+++ PROVIDED INFORMATION +++

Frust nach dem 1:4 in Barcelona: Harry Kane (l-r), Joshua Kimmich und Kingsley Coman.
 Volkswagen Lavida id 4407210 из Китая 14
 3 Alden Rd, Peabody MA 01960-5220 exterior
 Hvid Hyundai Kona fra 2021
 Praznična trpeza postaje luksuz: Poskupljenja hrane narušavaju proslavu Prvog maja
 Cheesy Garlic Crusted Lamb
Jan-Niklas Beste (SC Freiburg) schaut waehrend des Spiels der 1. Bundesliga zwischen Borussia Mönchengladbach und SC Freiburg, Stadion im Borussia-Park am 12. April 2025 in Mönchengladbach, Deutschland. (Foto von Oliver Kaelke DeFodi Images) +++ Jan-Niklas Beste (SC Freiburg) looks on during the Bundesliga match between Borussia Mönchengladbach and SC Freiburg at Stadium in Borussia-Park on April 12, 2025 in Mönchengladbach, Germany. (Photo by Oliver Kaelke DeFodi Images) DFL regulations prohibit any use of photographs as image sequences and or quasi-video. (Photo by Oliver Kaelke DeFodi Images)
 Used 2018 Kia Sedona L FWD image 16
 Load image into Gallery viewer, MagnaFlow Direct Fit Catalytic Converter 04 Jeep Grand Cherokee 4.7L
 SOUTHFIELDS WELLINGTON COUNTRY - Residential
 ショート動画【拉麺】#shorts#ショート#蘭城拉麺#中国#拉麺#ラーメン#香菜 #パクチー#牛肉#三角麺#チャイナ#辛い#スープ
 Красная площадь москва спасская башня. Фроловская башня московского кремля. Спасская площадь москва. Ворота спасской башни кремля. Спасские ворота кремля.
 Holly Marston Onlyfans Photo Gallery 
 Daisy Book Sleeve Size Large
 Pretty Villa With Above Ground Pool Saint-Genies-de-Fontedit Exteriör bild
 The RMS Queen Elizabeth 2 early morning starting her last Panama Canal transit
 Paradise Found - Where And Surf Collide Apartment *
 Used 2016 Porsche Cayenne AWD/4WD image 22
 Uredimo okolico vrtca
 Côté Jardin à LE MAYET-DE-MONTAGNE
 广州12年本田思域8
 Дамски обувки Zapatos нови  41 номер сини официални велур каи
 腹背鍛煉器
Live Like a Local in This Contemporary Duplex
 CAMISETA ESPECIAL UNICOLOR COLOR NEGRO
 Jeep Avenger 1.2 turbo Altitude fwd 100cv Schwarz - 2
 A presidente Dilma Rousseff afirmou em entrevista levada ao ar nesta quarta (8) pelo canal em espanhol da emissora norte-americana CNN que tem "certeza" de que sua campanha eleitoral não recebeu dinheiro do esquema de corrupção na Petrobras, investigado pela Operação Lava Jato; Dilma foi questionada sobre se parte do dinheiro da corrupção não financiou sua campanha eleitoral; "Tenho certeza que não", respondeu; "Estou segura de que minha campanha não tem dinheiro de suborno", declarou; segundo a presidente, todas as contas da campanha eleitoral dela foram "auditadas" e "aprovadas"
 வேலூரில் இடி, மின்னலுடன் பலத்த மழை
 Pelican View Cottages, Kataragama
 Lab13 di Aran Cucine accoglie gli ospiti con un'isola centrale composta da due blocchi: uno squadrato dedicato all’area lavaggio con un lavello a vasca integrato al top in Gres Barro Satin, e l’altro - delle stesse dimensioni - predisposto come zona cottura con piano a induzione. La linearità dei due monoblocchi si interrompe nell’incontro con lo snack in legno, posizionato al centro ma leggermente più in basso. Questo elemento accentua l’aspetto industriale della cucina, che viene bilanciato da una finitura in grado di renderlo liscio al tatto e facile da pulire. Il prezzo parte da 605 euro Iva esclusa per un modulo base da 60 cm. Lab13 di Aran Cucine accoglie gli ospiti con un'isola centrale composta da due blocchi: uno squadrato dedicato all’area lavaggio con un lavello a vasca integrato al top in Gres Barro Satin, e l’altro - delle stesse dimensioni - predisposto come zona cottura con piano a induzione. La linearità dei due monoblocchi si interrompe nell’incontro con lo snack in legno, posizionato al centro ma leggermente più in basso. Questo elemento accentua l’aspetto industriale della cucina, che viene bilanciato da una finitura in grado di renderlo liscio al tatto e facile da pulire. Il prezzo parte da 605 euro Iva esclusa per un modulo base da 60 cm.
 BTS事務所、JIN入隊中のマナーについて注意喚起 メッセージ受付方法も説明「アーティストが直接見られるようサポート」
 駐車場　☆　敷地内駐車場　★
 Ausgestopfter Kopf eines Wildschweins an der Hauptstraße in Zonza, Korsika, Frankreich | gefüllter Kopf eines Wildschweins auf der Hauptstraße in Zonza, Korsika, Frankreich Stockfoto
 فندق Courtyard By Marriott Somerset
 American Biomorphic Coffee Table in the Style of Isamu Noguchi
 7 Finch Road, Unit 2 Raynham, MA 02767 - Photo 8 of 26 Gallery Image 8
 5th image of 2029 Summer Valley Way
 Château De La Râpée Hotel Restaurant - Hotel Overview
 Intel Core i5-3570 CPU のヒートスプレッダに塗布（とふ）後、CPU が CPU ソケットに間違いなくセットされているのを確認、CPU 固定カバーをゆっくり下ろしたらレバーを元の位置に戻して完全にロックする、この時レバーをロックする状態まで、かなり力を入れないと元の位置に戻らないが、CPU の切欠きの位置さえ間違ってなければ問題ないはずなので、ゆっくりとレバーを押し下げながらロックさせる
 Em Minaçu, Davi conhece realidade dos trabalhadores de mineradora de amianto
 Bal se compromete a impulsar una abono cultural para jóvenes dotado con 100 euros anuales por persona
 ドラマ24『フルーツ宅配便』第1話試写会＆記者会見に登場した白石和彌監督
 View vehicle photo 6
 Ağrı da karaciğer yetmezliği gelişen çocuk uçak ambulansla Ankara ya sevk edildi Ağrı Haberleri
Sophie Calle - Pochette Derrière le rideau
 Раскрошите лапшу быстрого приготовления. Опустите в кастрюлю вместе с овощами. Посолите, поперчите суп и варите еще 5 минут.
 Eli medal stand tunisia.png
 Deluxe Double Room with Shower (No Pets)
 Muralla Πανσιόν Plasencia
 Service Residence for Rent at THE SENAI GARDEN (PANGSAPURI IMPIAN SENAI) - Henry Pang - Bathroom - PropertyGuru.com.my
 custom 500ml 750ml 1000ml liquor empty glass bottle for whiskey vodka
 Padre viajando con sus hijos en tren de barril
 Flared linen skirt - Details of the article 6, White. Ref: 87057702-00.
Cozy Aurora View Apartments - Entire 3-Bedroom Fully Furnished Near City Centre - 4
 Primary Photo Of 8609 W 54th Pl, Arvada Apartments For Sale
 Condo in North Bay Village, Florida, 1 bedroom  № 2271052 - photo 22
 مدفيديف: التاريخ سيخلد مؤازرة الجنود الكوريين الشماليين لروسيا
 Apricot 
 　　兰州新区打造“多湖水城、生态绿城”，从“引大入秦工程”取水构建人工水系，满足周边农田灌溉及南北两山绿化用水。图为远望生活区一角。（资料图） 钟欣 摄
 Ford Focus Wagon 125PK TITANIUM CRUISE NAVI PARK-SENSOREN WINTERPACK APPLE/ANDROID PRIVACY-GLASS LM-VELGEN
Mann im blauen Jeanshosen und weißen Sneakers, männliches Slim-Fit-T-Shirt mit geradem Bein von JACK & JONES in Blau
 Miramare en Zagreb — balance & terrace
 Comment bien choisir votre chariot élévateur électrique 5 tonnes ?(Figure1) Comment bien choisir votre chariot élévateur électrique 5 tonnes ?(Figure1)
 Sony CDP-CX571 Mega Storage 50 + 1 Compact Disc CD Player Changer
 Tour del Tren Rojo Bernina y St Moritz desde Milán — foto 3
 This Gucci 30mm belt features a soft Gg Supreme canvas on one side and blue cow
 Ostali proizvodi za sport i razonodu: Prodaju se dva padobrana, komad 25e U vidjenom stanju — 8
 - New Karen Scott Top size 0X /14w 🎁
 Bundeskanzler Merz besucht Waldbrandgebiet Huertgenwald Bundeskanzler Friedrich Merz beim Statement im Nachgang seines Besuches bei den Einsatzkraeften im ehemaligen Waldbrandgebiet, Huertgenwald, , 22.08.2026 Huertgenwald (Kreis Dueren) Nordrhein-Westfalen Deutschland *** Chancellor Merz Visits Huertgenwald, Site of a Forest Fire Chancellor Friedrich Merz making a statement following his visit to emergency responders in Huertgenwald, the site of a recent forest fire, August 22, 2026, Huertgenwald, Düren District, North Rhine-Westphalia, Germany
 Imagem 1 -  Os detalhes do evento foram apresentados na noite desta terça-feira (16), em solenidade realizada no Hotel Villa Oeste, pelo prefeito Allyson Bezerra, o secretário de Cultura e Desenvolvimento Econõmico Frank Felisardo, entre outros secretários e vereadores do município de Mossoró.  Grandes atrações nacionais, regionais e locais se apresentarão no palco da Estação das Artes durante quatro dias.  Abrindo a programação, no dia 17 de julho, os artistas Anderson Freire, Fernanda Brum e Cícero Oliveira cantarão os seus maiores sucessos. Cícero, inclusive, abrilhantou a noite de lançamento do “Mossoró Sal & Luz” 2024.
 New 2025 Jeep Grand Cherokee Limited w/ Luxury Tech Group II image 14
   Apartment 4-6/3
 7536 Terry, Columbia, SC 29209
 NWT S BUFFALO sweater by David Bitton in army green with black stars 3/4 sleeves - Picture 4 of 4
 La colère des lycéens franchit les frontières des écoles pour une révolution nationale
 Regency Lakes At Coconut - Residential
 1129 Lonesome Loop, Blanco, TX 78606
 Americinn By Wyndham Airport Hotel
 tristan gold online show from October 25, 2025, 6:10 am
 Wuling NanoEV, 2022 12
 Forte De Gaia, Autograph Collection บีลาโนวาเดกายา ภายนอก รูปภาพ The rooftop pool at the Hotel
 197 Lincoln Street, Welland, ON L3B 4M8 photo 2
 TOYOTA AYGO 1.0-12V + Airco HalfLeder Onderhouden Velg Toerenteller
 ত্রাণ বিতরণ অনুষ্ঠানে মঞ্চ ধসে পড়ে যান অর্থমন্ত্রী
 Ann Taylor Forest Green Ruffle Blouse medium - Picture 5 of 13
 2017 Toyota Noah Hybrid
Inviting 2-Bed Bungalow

+++

* [WHAT TO DO]: Copy the lines above exactly, beginning at the line that has "Ostali proizvodi za" and stopping after the line that has "- New Karen Scott Top size 0X /14w 🎁", and omit the rest.

* [THE ANSWER]:
 Ostali proizvodi za sport i razonodu: Prodaju se dva padobrana, komad 25e U vidjenom stanju — 8
 - New Karen Scott Top size 0X /14w 🎁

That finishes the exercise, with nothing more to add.